CHICAGO (WLS) -- He got his freedom back. Now, Adam Gray wants justice.
Gray was wrongly convicted of arson as a teen, and spent more than half his life in prison. He filed a lawsuit Thursday accusing the Chicago police detectives who forced him to confess of conspiring with others to get him convicted of a crime he did not commit.
"I didn't understand the amount of hatred toward me from the cops, why they were lying. Everybody was lying," said Gray.
Gray was arrested when he was 14 and charged with starting a fire that killed two people.

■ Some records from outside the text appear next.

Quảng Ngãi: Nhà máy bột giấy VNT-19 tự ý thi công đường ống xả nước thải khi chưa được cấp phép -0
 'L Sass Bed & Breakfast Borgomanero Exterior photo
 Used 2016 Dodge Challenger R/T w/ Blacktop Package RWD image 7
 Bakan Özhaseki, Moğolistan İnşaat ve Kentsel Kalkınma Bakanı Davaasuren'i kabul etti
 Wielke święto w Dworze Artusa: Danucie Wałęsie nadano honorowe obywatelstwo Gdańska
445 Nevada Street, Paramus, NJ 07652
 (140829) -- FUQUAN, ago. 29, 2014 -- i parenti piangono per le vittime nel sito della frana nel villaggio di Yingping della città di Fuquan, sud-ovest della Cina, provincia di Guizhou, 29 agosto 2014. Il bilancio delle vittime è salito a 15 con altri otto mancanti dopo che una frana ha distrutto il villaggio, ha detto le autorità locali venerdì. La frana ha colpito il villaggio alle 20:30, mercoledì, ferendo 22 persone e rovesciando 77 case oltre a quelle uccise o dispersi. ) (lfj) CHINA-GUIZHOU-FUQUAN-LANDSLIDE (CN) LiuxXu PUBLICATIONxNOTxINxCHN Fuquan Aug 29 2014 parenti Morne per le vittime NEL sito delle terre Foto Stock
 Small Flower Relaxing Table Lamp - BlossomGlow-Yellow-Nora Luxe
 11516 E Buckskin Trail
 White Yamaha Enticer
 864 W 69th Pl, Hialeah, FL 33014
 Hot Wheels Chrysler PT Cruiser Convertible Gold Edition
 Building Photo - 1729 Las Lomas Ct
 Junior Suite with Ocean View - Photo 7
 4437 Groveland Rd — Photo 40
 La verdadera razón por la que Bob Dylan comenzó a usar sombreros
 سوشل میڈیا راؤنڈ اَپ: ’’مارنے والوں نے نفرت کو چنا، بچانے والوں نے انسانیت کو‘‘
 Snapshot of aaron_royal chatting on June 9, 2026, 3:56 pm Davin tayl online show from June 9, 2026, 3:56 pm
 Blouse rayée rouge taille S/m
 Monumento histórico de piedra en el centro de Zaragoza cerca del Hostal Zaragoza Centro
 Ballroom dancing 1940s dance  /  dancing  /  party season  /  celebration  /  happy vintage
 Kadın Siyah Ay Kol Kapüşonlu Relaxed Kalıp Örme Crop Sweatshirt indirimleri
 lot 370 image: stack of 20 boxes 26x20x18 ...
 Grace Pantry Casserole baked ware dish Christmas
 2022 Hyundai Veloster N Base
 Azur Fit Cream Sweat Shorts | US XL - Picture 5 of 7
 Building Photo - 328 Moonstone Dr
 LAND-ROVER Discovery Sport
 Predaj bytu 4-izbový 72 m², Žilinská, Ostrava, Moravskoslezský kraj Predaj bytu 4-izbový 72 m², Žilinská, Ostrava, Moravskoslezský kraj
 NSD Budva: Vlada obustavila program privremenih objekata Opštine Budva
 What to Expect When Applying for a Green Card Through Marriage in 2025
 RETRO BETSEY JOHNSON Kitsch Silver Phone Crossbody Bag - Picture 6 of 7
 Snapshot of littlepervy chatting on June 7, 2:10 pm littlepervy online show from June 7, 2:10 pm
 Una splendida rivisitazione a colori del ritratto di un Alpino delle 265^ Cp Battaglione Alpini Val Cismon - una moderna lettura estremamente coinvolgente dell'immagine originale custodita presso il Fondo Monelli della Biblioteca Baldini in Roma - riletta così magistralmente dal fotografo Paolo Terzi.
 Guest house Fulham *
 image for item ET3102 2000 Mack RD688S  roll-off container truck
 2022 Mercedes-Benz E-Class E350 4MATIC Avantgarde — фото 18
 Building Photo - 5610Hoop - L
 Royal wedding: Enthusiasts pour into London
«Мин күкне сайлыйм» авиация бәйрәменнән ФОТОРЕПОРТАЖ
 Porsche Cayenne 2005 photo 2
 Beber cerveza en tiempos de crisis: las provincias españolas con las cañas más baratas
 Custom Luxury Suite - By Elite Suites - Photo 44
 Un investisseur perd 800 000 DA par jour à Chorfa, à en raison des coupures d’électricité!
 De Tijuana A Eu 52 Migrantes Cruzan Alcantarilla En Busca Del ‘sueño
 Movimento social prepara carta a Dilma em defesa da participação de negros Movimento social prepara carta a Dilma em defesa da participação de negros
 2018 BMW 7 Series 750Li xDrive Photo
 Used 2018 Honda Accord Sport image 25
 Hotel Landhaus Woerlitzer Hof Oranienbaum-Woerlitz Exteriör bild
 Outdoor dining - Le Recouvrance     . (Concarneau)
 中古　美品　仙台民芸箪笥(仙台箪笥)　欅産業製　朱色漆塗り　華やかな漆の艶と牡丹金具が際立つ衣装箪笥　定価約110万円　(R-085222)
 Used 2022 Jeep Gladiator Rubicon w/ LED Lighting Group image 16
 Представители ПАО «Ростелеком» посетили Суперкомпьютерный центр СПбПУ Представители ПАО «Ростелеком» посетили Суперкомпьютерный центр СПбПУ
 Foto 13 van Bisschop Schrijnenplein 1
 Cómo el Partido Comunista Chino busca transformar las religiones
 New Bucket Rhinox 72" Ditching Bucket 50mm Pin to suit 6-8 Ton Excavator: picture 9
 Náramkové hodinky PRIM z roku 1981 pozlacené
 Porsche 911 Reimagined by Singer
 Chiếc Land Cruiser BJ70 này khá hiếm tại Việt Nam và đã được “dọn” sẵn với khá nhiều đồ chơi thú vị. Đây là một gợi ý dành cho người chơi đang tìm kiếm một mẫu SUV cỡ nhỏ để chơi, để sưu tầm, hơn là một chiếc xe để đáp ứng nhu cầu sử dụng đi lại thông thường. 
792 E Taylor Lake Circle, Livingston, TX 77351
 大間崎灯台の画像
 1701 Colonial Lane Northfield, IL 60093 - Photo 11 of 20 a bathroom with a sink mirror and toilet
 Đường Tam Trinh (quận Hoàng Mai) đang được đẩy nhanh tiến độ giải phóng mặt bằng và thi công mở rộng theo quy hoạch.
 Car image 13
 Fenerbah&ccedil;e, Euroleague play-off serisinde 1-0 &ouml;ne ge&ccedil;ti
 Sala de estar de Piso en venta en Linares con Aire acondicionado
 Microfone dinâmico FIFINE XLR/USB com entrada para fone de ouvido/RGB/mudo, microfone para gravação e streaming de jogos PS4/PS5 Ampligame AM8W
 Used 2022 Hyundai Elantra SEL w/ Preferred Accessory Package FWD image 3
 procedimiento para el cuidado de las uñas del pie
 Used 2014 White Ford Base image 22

His 54-page federal civil lawsuit names seven former Chicago police detectives - five of whom are now dead - a former Chicago youth police officer, a former city fire marshal, and a former Assistant Cook County state's attorney who is now a sitting judge.
"There's no way these police detectives should have been able to coerce a false confession to a crime that didn't occur from a 14-year-old," said Gray's attorney John Loevy at a Thursday afternoon press conference.
The complaint also names the city of Chicago, and accuses the defendants of manipulating witnesses and fabricating evidence in the fire, which at the time was ruled an arson.
At some point, attorneys said investigators got an empty milk jug, and then made up a story about Gray filling it with gasoline to start the blaze. Tests revealed that was untrue.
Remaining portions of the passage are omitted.